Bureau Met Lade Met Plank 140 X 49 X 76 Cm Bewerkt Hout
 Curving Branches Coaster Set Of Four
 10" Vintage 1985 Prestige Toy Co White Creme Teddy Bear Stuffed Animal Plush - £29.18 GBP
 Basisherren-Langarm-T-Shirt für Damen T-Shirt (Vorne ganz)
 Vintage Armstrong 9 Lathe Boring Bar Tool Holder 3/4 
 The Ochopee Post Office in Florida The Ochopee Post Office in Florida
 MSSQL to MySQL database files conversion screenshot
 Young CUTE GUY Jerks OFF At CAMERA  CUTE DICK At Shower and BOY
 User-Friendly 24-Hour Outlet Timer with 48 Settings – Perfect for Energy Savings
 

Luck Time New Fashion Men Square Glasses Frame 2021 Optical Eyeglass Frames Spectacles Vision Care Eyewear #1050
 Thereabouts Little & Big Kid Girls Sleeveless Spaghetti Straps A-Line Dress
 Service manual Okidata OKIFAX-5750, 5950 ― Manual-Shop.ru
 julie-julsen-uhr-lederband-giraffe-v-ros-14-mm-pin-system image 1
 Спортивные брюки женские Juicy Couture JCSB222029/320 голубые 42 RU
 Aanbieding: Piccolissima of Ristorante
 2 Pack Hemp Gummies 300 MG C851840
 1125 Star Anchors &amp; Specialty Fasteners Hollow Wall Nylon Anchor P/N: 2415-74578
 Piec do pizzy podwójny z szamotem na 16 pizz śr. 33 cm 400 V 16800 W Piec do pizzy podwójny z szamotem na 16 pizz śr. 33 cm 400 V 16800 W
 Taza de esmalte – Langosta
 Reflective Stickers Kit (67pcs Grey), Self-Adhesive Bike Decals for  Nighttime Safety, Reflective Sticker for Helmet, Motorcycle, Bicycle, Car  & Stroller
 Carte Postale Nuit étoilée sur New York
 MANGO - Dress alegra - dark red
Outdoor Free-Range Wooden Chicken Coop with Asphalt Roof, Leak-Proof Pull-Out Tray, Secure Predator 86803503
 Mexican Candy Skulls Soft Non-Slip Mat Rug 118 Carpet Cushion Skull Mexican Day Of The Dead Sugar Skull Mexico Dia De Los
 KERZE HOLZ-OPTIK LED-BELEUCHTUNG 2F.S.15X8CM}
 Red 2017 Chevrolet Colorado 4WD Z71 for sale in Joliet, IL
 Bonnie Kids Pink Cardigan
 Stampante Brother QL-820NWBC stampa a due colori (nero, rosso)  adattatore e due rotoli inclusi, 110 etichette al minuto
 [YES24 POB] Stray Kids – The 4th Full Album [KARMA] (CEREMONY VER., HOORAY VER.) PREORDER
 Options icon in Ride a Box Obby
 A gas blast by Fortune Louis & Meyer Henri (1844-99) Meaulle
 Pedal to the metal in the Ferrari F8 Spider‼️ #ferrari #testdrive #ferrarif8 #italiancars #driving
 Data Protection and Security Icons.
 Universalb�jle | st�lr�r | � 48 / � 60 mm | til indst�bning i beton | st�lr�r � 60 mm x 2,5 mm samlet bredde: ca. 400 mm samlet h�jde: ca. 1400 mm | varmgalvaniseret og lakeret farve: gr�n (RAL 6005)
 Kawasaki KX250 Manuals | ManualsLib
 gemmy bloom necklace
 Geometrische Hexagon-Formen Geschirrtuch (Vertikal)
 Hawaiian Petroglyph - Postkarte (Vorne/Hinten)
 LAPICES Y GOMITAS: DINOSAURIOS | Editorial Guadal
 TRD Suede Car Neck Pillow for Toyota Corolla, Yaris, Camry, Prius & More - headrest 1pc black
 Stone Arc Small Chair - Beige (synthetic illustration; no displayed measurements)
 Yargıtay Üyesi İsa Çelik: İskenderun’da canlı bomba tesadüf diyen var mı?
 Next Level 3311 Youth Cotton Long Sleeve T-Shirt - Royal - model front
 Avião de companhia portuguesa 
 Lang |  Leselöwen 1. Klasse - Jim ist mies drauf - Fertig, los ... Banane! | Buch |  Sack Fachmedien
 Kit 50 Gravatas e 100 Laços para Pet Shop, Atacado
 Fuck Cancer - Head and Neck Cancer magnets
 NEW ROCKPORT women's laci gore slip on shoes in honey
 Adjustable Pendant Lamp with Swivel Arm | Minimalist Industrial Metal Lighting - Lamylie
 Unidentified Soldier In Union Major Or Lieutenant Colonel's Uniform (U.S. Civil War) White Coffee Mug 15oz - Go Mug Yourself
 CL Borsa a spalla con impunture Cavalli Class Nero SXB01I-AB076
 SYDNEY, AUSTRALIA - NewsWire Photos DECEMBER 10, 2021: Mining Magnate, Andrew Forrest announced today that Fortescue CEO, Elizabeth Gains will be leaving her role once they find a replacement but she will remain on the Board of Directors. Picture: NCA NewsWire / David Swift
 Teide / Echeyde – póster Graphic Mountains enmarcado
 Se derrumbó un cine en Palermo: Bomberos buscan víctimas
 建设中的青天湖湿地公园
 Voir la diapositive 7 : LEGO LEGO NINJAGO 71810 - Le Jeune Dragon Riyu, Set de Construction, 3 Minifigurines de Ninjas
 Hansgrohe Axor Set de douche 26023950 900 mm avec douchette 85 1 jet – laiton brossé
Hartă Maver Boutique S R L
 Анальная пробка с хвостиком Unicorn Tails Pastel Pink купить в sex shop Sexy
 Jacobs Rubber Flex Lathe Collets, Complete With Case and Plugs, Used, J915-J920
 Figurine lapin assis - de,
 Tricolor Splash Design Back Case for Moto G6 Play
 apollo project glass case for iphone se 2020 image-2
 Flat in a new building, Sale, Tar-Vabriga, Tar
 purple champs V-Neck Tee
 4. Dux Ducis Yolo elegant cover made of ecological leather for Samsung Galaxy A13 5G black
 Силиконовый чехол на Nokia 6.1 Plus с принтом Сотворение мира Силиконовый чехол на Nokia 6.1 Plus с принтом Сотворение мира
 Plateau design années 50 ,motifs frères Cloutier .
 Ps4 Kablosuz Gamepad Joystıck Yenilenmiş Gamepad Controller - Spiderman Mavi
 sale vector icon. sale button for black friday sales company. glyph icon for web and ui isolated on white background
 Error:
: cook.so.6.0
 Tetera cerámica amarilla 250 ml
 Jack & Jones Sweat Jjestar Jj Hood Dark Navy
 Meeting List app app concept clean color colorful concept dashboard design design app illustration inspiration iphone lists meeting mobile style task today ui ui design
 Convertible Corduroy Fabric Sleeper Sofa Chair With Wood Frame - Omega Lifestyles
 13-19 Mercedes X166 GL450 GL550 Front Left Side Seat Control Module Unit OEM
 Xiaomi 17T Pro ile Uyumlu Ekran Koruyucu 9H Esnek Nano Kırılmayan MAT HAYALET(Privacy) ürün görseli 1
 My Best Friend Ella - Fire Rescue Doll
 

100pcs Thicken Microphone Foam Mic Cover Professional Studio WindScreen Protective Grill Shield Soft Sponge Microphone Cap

* TASK INSTRUCTIONS *
Of the lines above, extract only those from the line with "- £29.18 GBP" to the line with "User-Friendly 24-Hour Outlet", both included, exactly as written.

* WRITTEN RESPONSE *
 10" Vintage 1985 Prestige Toy Co White Creme Teddy Bear Stuffed Animal Plush - £29.18 GBP
 Basisherren-Langarm-T-Shirt für Damen T-Shirt (Vorne ganz)
 Vintage Armstrong 9 Lathe Boring Bar Tool Holder 3/4 
 The Ochopee Post Office in Florida The Ochopee Post Office in Florida
 MSSQL to MySQL database files conversion screenshot
 Young CUTE GUY Jerks OFF At CAMERA  CUTE DICK At Shower and BOY
 User-Friendly 24-Hour Outlet Timer with 48 Settings – Perfect for Energy Savings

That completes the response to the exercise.